Correlation with Human Ratings:
- ConCISE (GPT-4o Judge): Achieved the strongest correlation with human Likert ratings ( $r_s = 0.628$ , $\tau = 0.523$ ), both statistically significant ( $p < 0.001$ ).
- Other LLM Judges: ConCISE remained effective across different judge models (Claude-4, Gemini-2.0, Mistral), with $r_s$ ranging from 0.47 to 0.54.
- Baseline Failure: The "GPT Score" baseline showed weak/negative correlation ( $r_s = -0.108$ ), suggesting direct numeric scoring prompts are unreliable for conciseness.
Pairwise Accuracy:
- ConCISE: Achieved 94% accuracy in aligning with human preferences when choosing the more concise answer between two options.
- GPT Ranking Baseline: Only achieved 39% accuracy, performing barely better than random chance.

5. Key Contributions

Novel Reference-Free Metric: Introduction of ConCISE, the first mechanism to assess LLM output length and redundancy without requiring gold-standard reference answers.
Three-Pronged Compression Approach: A unique methodology combining abstractive summarization, extractive summarization, and word-removal pruning to quantify non-essential content.
Empirical Validation: Demonstration that ConCISE significantly outperforms direct LLM scoring and ranking baselines, showing high alignment with human judgment in both rating and ranking tasks.

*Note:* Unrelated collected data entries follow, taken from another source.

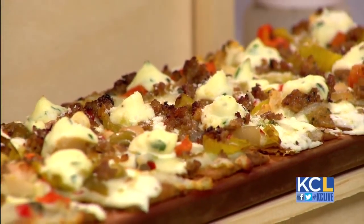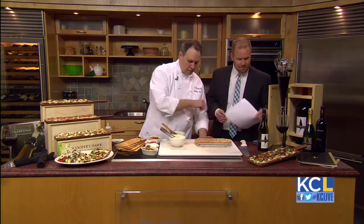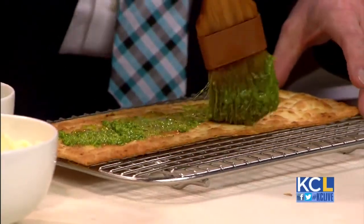So where do we start? We've got some lavash — this is a Middle Eastern flatbread available in most stores. We've toasted it with a little bit of oil. Recipes on the website. We're going to start with a crispy piece of flatbread here and brush it side to side with some pesto. Liberally? Liberally.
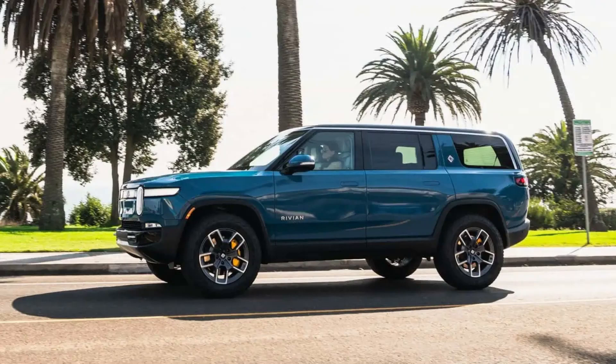Dual-motor Rivians can't match quad-motor variants' oomph, but the Performance Pack narrows the gap. Rivian gave its dual-motor models a lot more go when it introduced the $5,000 Performance Pack. The package ups power from 533 hp to 665 hp, with an impressive 219 lb-ft torque gain for a maximum output of 829 lb-ft. It shaves 8 tenths off the 0-60 mph sprint time,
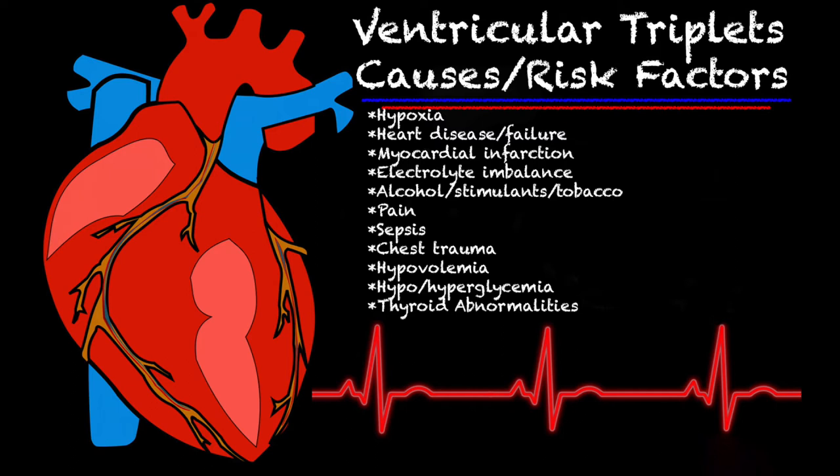Additional causes include pain, sepsis, chest trauma, hypovolemia, hyper or hypoglycemia, and thyroid abnormalities.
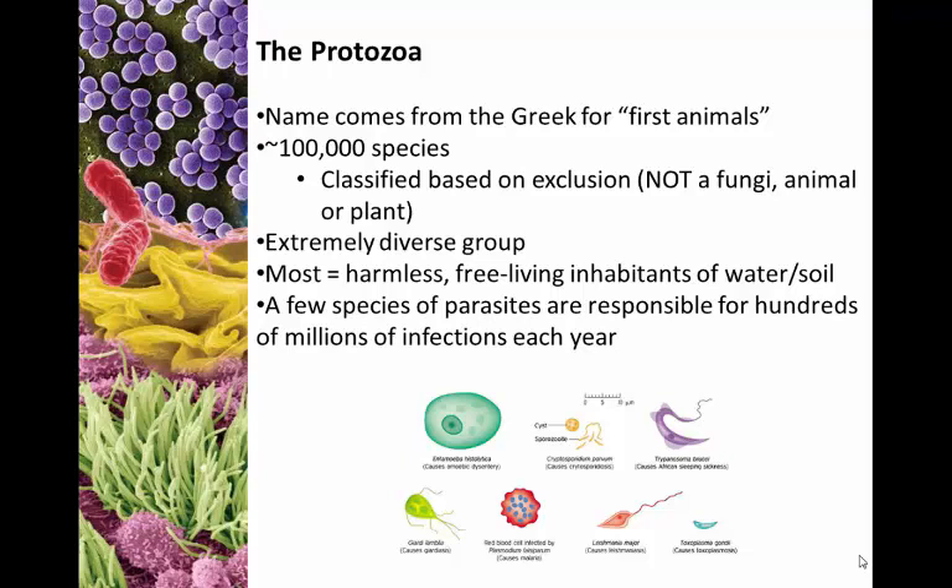Okay, so this is Chapter 4, Part 2: the protozoa and the helminths. We're starting with the protozoa. The name itself comes from Greek for 'first animal' — proto meaning first, zoa meaning animal. There are approximately a hundred thousand species that have been identified so far. It's a really interesting group made up of a lot of different types of organisms.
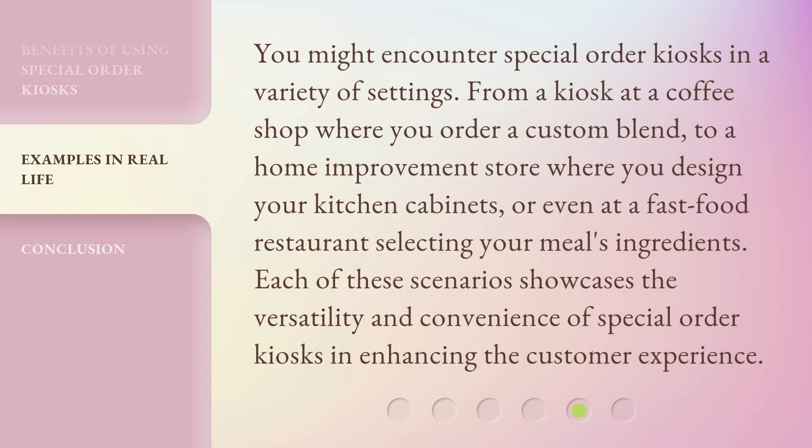You might encounter Special Order Kiosks in a variety of settings — from a kiosk at a coffee shop where you order a custom blend, to a home improvement store where you design your kitchen cabinets, or even at a fast-food restaurant selecting your meal's ingredients. Each of these scenarios showcases the versatility and convenience of Special Order Kiosks in enhancing the customer experience.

6. Significance and Limitations

Significance:

Cost & Efficiency: Provides a practical tool for developers to automatically detect and penalize verbose outputs, potentially reducing token costs and improving user experience in conversational AI.
Scalability: Eliminates the need for expensive and time-consuming human annotation of reference texts, making it suitable for large-scale evaluation.
Reliability: Proves that LLMs can be effectively used as "judges" for brevity if the evaluation is structured around compression rather than direct scoring.

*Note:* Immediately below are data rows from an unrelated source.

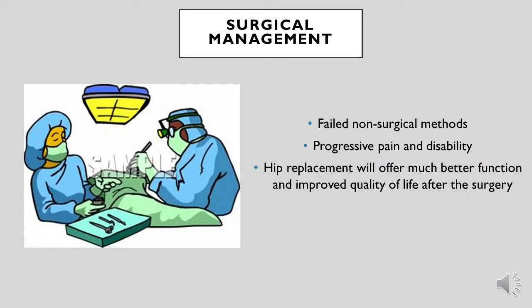However, if these non-surgical methods fail and the pain and disability is progressive, surgery is indicated and is the next step. Surgery will offer much better function and improved quality of life after the operation.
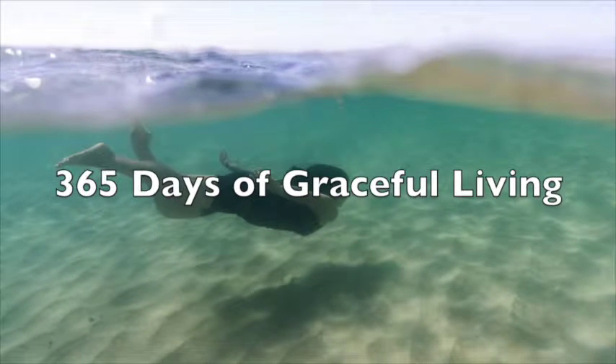This is Grace with Grace for Living. Today, Hans will show us how the coconut tree is a tree of life.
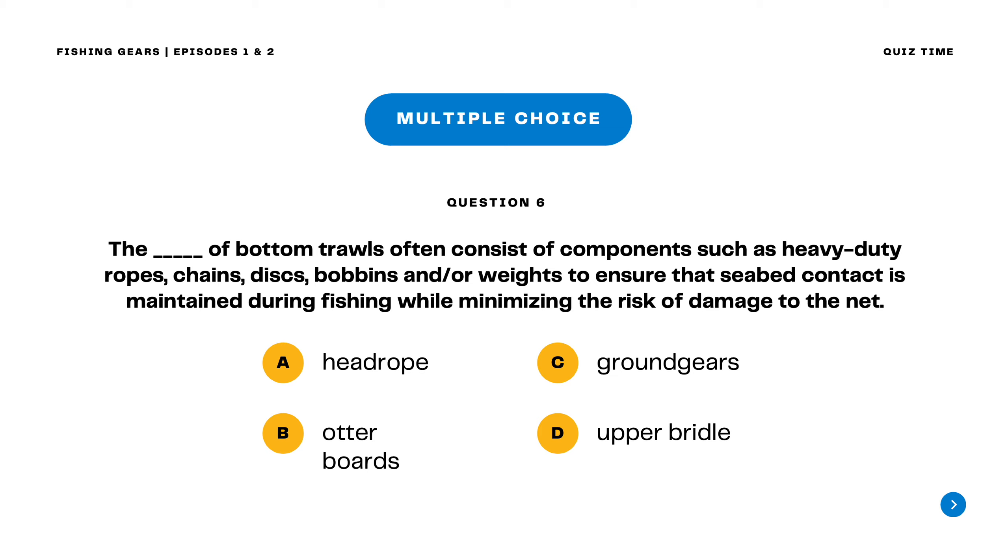Question 6. The blank of bottom trawls often consists of components such as heavy-duty ropes, chains, discs, bobbins, and/or weights to ensure that seabed contact is maintained during fishing while minimizing the risk of damage to the net. A. Head rope B. Otter boards C. Ground gears D. Upper bridle. The correct answer is letter C. Ground gears.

Limitations & Future Work:

Context Dependency: The definition of "non-essential" varies by domain (e.g., regulatory details in finance are verbose but necessary). The current metric may struggle with domain-specific nuances.
Prompt Bias: Using a single prompt to generate all three compression types might introduce cross-technique bias. Future work suggests using separate prompts for each technique.
Generalizability: While effective on WikiEval, broader validation across diverse datasets and industries is required to establish universal robustness.